Diana's public audience thrived on a steady diet of official photographic portraits of their princess - airbrushed, glossy and backlit. Her inexorable progress to the status of icon was lit by the flattering flashguns of these formally commissioned photographers, all producing their posed and glamorous magazine shots.

Yet, whenever painters stepped into the ring, commissioned to create something that would be more than just a temporal or documentary record of celebrity, they were met with growls of general criticism.

Their portraits were judged either too glib, too sugary or too cruel. And this despite the fact that several of the painters for whom the Princess sat continue to regard her as one of the warmest and most helpful of subjects.

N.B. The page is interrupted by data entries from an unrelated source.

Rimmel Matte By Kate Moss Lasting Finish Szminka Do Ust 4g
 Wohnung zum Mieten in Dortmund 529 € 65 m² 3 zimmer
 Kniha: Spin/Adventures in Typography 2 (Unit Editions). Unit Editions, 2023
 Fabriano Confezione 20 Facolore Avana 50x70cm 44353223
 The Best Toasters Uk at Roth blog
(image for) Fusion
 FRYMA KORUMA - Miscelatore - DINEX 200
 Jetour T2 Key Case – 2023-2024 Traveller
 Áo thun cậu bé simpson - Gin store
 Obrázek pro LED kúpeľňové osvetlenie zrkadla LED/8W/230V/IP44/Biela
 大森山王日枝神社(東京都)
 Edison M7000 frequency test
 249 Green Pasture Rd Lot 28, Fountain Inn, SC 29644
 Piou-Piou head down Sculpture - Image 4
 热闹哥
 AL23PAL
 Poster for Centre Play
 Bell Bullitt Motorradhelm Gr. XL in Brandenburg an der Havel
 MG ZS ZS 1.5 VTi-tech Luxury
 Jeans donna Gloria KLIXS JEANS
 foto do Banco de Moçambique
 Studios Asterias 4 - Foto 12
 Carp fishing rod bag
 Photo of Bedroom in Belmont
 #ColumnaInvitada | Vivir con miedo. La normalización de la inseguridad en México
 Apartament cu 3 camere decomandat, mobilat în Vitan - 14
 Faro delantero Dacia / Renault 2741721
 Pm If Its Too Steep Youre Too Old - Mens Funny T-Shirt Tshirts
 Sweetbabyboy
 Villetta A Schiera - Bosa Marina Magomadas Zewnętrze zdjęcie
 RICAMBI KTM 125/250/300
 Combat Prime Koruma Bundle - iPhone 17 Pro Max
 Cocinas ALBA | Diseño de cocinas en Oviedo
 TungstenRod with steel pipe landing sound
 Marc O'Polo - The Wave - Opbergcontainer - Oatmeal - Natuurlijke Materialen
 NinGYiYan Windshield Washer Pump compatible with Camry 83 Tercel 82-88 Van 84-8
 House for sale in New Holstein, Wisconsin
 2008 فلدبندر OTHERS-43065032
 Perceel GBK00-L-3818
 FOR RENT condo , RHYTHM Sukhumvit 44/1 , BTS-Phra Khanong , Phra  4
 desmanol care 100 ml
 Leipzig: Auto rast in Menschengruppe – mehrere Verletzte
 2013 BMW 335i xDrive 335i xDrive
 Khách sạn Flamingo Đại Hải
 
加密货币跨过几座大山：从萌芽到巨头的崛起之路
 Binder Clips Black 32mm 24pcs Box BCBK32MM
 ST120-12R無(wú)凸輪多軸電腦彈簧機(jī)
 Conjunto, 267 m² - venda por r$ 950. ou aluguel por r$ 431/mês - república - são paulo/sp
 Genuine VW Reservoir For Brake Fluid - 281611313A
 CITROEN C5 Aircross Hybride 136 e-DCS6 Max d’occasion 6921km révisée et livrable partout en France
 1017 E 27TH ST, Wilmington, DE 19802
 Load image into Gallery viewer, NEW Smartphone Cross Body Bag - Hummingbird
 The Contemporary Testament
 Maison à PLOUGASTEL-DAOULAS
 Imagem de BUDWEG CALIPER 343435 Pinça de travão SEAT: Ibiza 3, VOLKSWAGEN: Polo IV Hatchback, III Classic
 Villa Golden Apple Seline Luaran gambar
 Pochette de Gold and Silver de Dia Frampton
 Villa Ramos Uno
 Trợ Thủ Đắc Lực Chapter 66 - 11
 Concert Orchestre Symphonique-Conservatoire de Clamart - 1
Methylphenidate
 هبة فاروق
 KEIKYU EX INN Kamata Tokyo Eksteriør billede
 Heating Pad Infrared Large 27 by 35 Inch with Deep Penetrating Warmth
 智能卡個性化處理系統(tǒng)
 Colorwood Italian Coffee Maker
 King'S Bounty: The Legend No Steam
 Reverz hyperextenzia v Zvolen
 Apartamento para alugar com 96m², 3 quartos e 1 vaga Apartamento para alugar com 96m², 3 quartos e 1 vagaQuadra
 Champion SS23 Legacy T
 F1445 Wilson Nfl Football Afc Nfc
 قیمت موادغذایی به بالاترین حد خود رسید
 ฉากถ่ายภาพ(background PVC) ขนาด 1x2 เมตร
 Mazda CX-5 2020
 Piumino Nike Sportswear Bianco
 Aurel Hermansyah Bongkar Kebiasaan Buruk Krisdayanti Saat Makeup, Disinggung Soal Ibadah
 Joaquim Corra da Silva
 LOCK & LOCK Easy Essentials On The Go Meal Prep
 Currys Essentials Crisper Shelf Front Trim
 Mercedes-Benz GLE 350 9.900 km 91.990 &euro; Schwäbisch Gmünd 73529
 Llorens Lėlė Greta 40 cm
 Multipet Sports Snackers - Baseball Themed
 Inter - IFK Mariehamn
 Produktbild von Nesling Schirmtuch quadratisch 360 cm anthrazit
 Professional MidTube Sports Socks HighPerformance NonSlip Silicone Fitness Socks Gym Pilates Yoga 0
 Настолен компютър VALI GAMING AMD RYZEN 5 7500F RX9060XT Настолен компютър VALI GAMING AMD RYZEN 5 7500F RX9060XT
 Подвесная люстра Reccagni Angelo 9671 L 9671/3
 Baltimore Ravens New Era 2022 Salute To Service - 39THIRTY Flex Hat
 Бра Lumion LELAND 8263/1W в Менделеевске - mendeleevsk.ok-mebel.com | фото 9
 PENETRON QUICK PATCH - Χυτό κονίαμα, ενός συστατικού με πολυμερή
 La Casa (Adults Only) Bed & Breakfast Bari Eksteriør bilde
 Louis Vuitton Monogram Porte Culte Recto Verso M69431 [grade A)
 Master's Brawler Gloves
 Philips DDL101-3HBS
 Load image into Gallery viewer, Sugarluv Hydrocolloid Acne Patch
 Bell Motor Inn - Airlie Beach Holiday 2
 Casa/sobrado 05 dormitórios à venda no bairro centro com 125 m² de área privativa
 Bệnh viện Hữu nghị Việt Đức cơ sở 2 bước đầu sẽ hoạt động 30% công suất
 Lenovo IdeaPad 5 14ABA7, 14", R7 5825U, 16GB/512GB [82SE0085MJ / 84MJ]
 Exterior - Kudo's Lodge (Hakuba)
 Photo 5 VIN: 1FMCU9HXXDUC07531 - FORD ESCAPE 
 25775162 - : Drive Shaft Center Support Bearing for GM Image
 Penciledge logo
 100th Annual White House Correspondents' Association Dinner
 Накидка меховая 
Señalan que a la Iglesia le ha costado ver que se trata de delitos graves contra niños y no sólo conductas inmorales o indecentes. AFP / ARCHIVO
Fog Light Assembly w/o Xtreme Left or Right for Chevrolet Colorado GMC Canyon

"She was a delight and absolutely co-operative," recalls June Mendoza, the celebrated portrait artist who has also painted the Queen, the Queen Mother and Princess Anne. "Mine was a fairly romantic painting, but that was because she was a young, slim, beautiful girl."

Mendoza had been commissioned by a London livery company to paint Diana in a red evening dress during the early stages of her second pregnancy.

"There were no marks of age on her face then, although she told me she was already being hounded and was facing an enormous amount of change in her life," she said.

"Some of the pictures that followed mine have over-romanticised her, I think, and are a little bit icky. I would love to have painted her again, as she became a more rounded person."

The late Princess seems to have been equally accommodating when it came to less established portraitists.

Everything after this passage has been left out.